The line containing "Outsunny Garden Sun", plus every line that follows it to the end of the listing below, is what you transcribe exactly; omit all pictures.
** Opening Data supplied block **
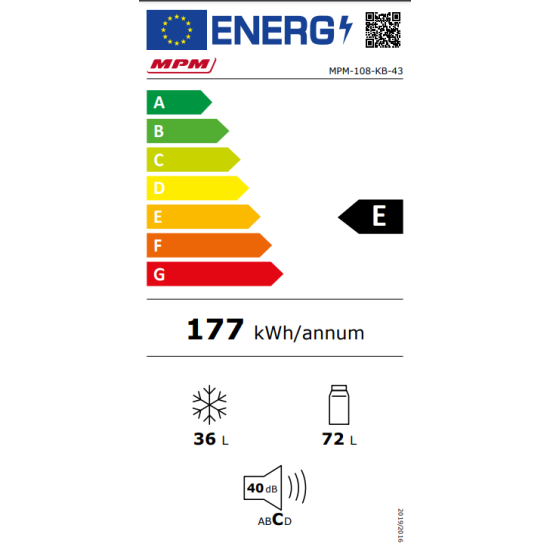 MPM 114cm magas alulfagyasztós kombinált hűtőszekrény MPM-108-KB-43, 114 x 48 x 49 cm, E energiaosztály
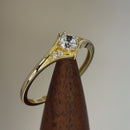 Solid 14K Yellow Gold Fancy Round Cut CZ Engagement Ring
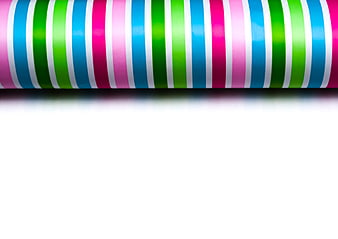 Colorful striped wrapping paper roll on white background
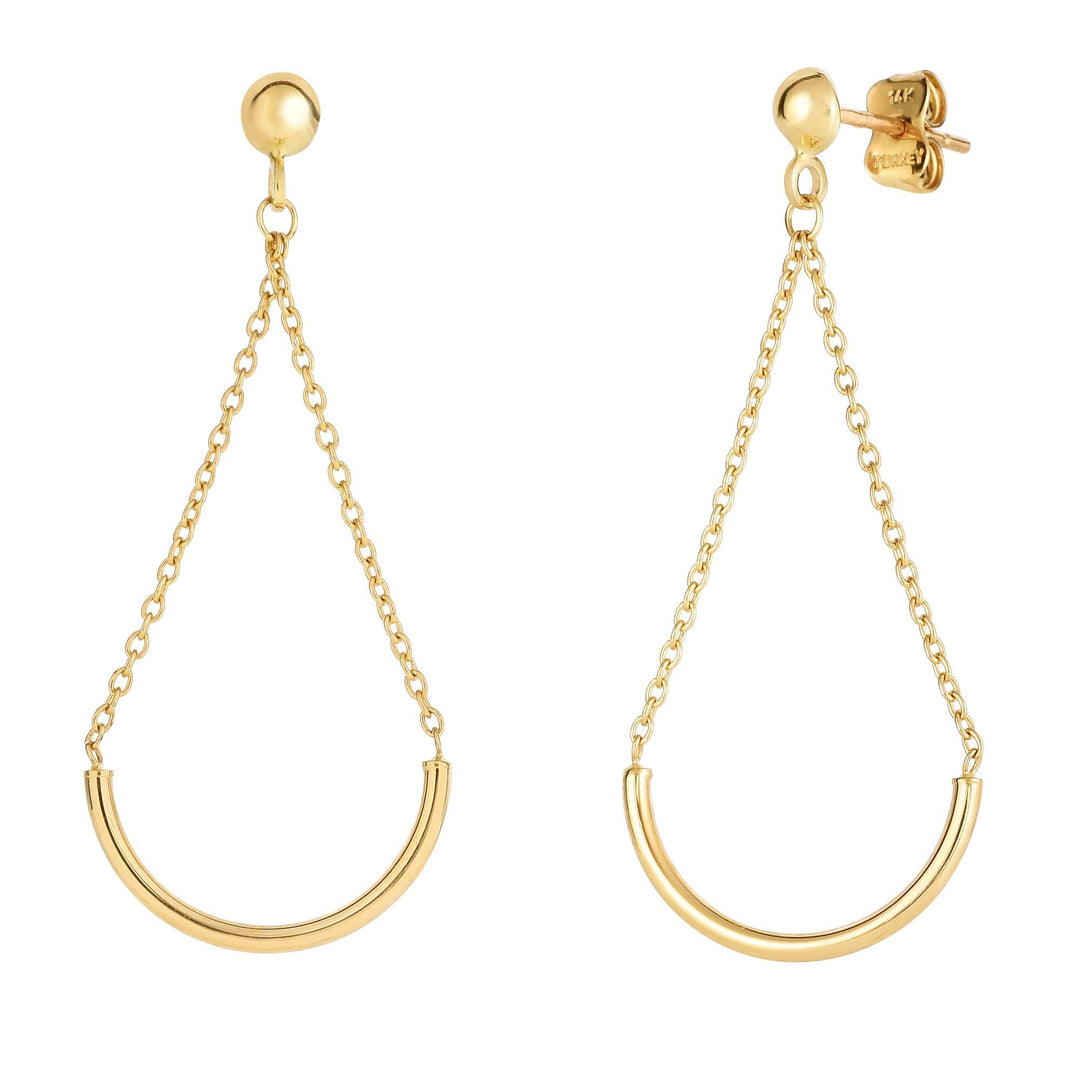 14K Yellow Gold Polished Curved Bar Drop Earring, front view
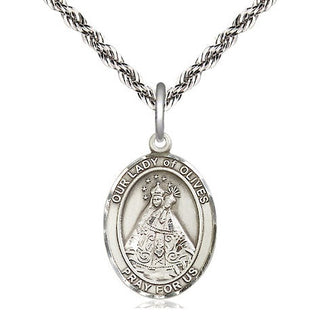 Sterling Silver Our Lady of Olives Medal Religious Jewelry Engraved Catholic Saint Jewelry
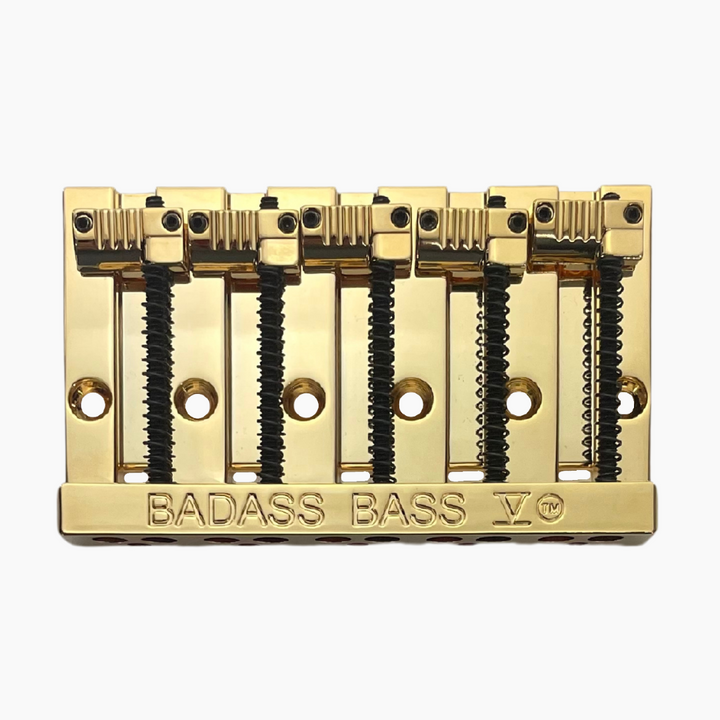 Allparts BB-3345-002 - Leo Quan® Badass V™ 5-String Bass Bridge - Grooved Saddles, Gold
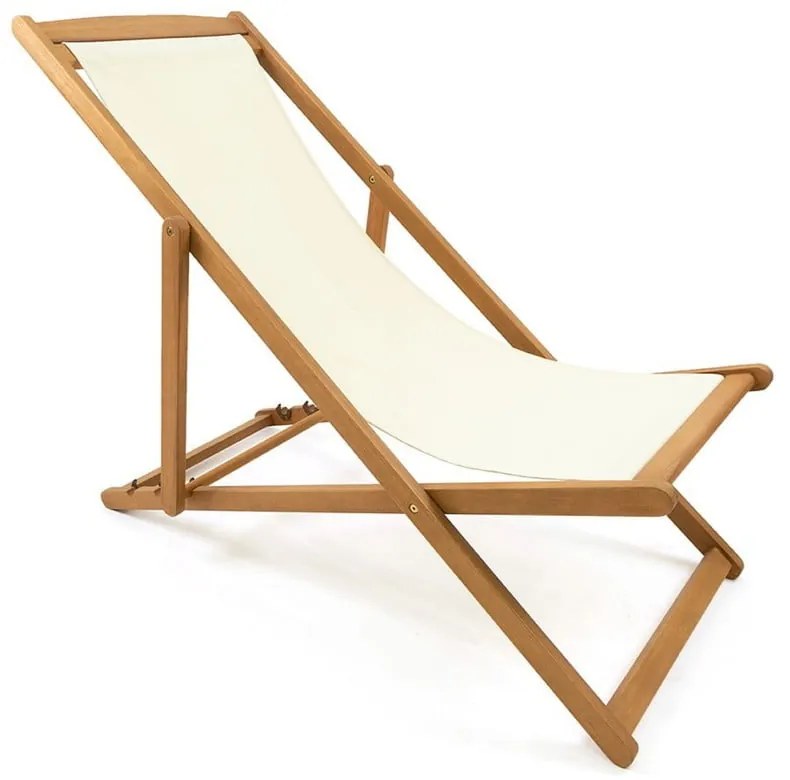Beżowy składany leżak ogrodowy z drewna akacji Bonami Essentials Deck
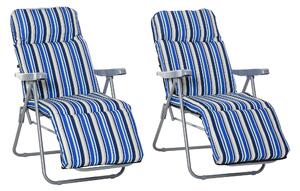 Outsunny Garden Sun Loungers, Set of 2, Outdoor Reclining Chairs with Cushioned Seats, Foldable & Adjustable, Blue/White
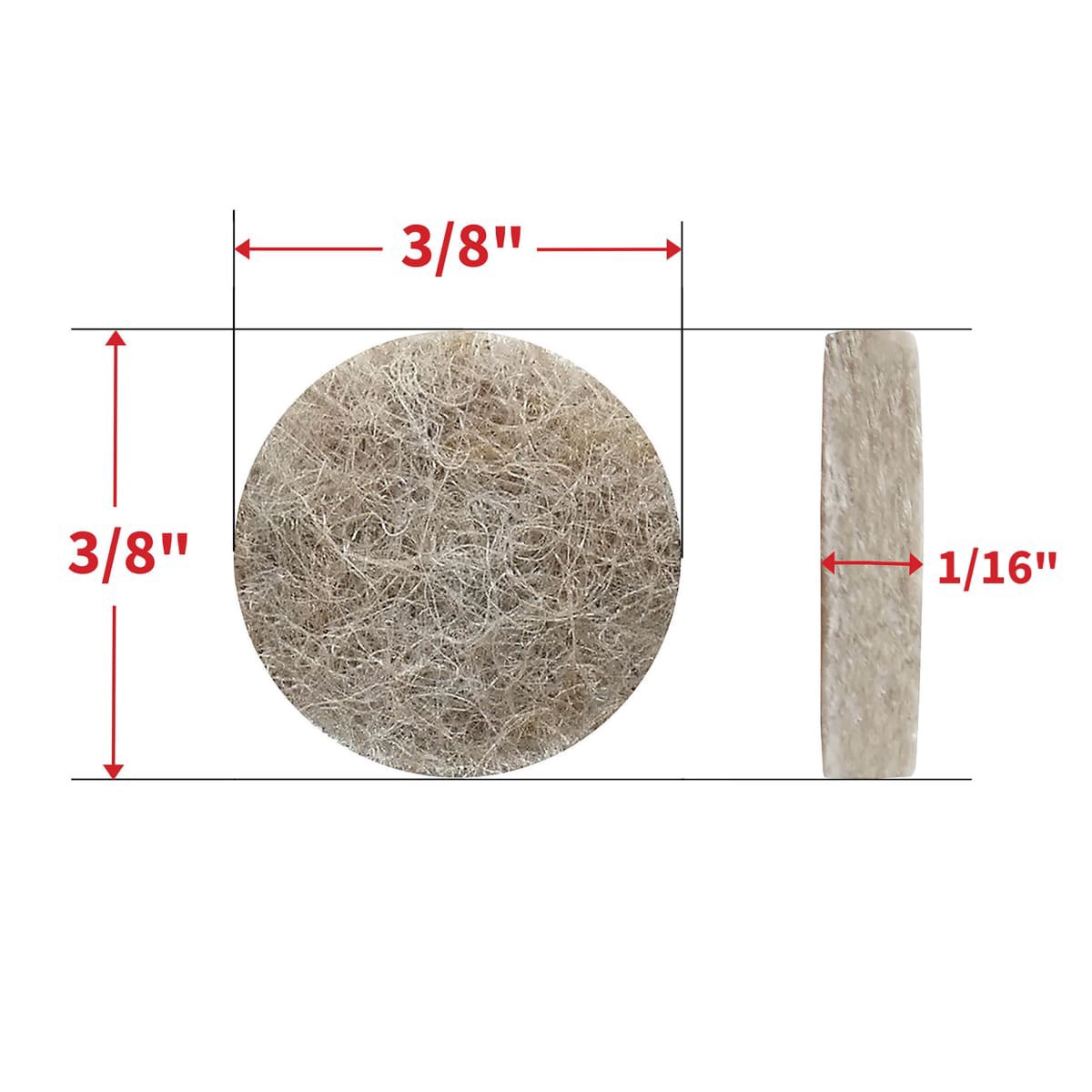 slide 20 of 29, Super Sliders 3/8" Round Self-Stick Felt Pads, Beige (84), 84 ct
** Closing Data supplied block **
## Answer below
 Outsunny Garden Sun Loungers, Set of 2, Outdoor Reclining Chairs with Cushioned Seats, Foldable & Adjustable, Blue/White
 slide 20 of 29, Super Sliders 3/8" Round Self-Stick Felt Pads, Beige (84), 84 ct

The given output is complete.